§ **What to do**
Give back the lines below exactly, but do not include any pictures.

§ **Collected data**

☆ ☆ ☆ ☆ ☆

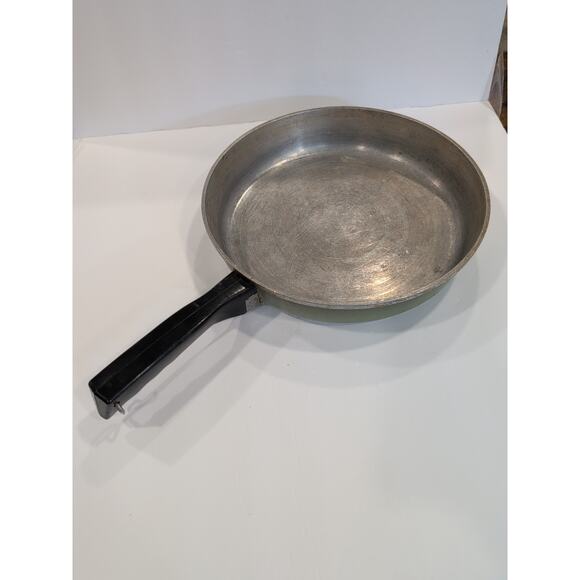 VTG Club Aluminum Cookware Avacado Frying Pan 10” Mid century No Lid - Picture 1 of 6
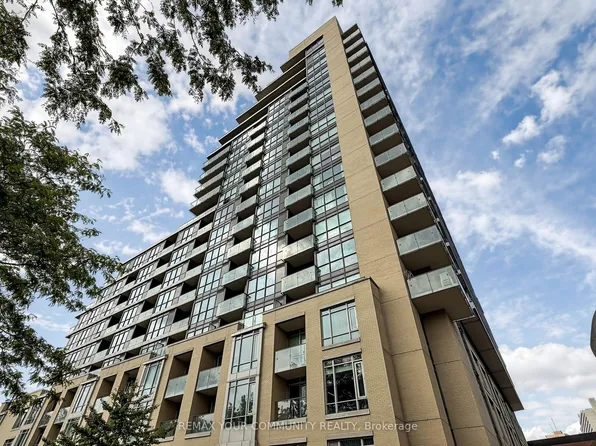 60 Berwick Ave #306, Toronto, ON M5P 0A3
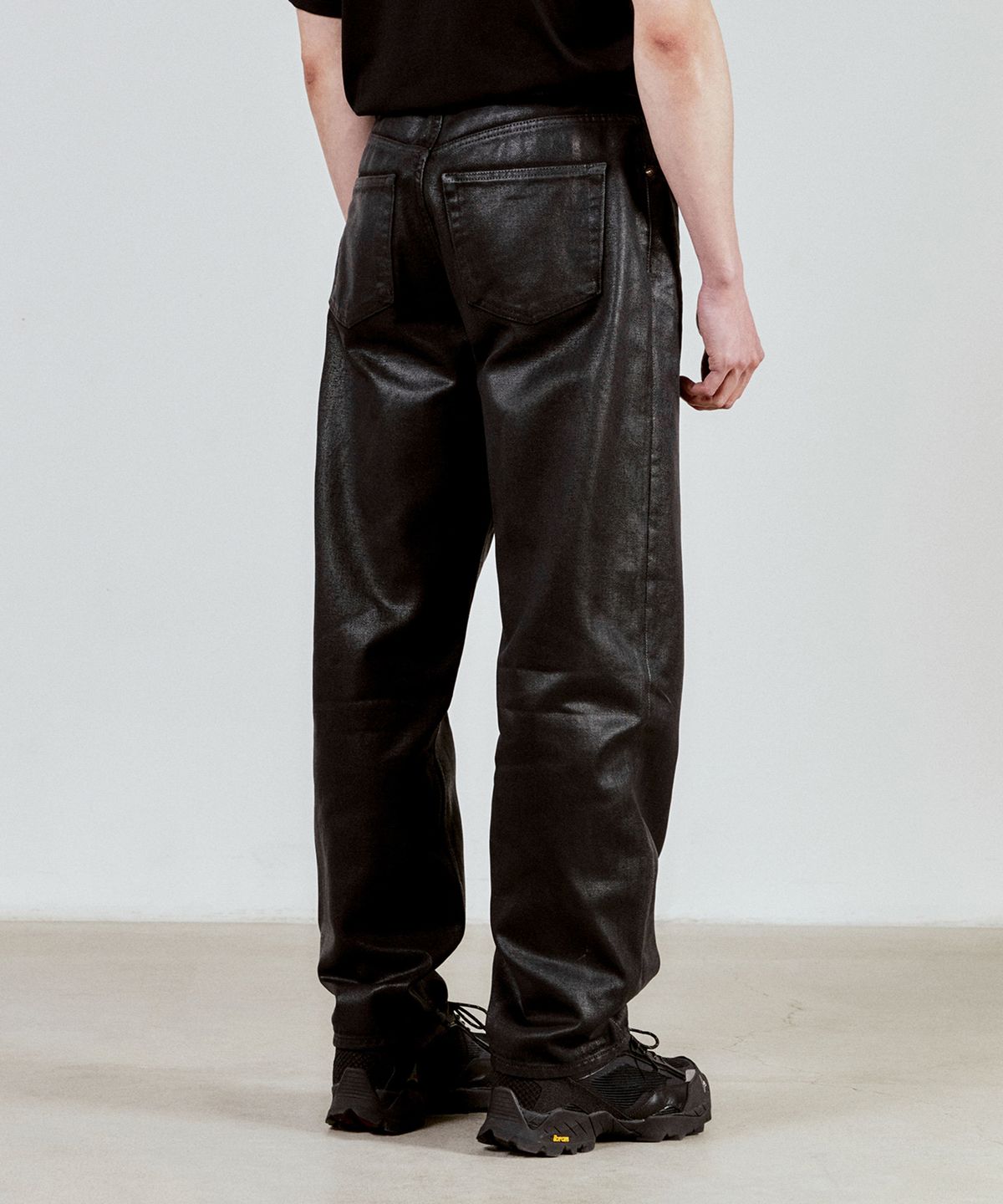 브랜디드(BRANDED) 1818 BLACK VENOM JEANS [VINTAGE STRAIGHT]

☆ ☆ ☆ ☆ ☆

§ **Expected answer**
 VTG Club Aluminum Cookware Avacado Frying Pan 10” Mid century No Lid - Picture 1 of 6
 60 Berwick Ave #306, Toronto, ON M5P 0A3
 브랜디드(BRANDED) 1818 BLACK VENOM JEANS [VINTAGE STRAIGHT]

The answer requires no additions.